Matello — like a number of workers living in industrial and farming areas, many
of them Caucasian, had voted for Barack Obama for president in 2008 and then
Donald Trump in 2016 — in hopes of seeing a change from devastating living and
working conditions she faced.
Last year more than 2 million people went to the emergency room because of
dental problems. Untreated tooth infections can spread in the body and lead to
disease and heart problems. And tooth loss can make it more difficult to eat
and speak, not to say of what it does to your appearance and self-confidence.
“What I am seeing is absolutely horrifying,” the Post reported George Acs,
director of the dental department at Chesapeake Health Care clinic in Maryland,
told the state legislature. ER doctors just pass out “a perpetual cycle of
antibiotics and opioids,” he said.
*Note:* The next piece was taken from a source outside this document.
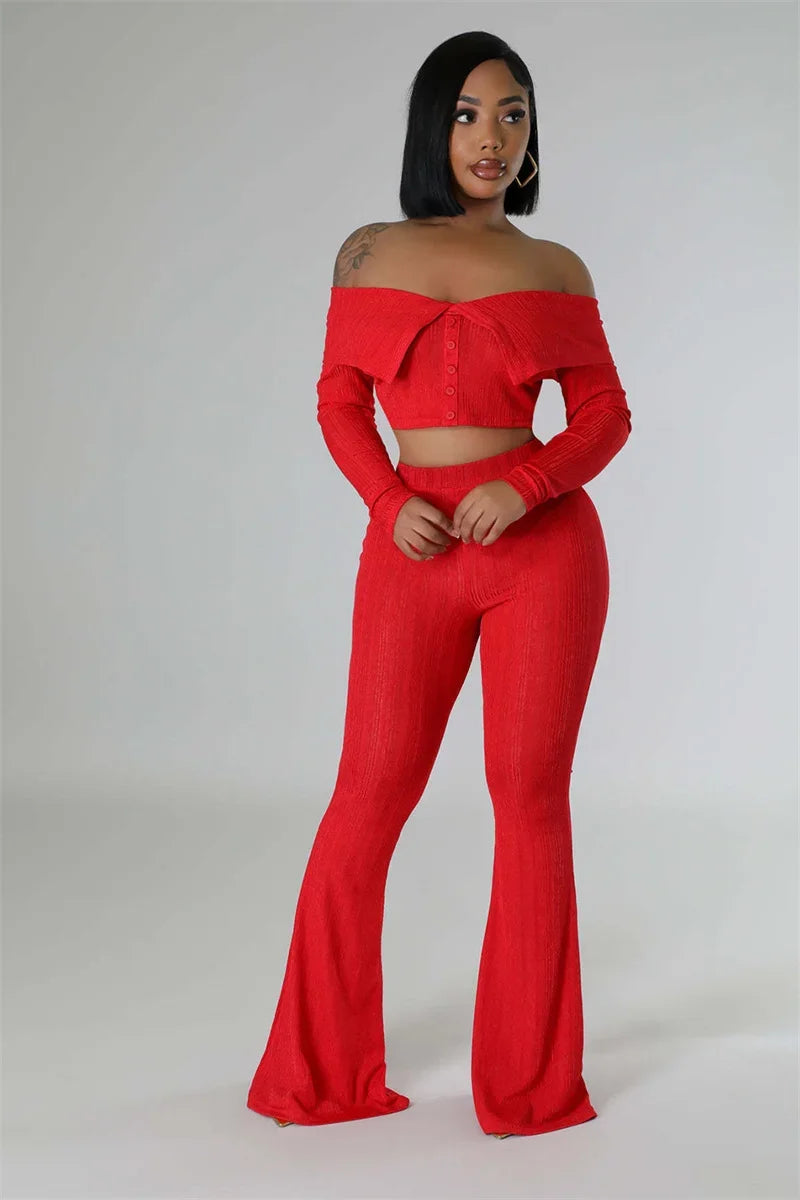 Sexy Knitted Two Piece Set for Women Birthday Outfits Off Shoulder Slash Neck Crop Top and Flare Pants Set Conjuntos Femininos
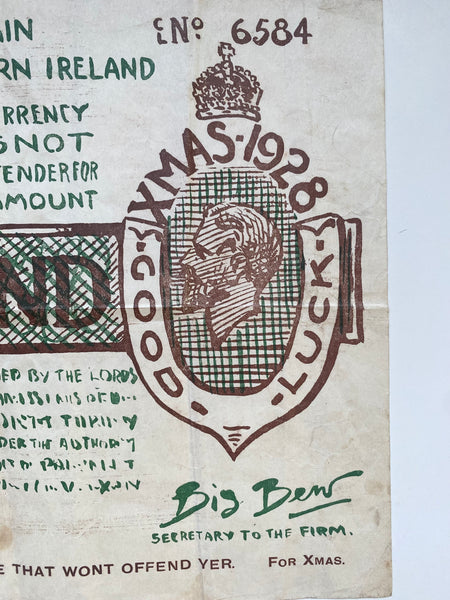 Antique 1928 UK Novelty £1 Christmas Note Humorous Oversized Ephemera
And this cycle spreads the opioid addiction
epidemic throughout the U.S.
Adding to the scourge of tooth decay is large numbers of workers and farmers in
rural areas, and growing numbers in cities as well, who don’t have access to
fluoridated water. The chemical fluoride, which reduces tooth decay, began
being added to public water systems in the 1940s.
Today fluoridated water is available to some three-quarters of the U.S.
population. But 80 million people don’t have access to treated water.
Some of them draw their water from wells. Others have been seduced by a massive
profit-thirsty advertising blitz to use “naturally pure” bottled water — which
isn’t fluoridated — instead.
More than one-third of U.S. adults have no dental insurance, according to the
American Dental Association. Dental problems aren’t considered medical problems
in the U.S., thanks to insurance industry bosses and their muscle with
government officials, and aren’t covered by medical insurance. And those
workers who are able to get dental coverage face high premiums and limited
benefits.
Medicare, which covers 55 million people aged 65 and over and those workers who
succeed in running the bureaucratic gauntlet to get disability, doesn’t cover
any kind of dental care, even though older workers suffer from the most serious
oral health problems.
Some 72 million people have fought their way onto Medicaid, but under this
federal program dental care for children is left up to the states.
About half of children on Medicaid did not receive a single dental service in
2012.
Less than half of state governments cover dental care for adults who manage to
get Medicaid. And only 38 percent of dentists accept Medicaid, the Post said.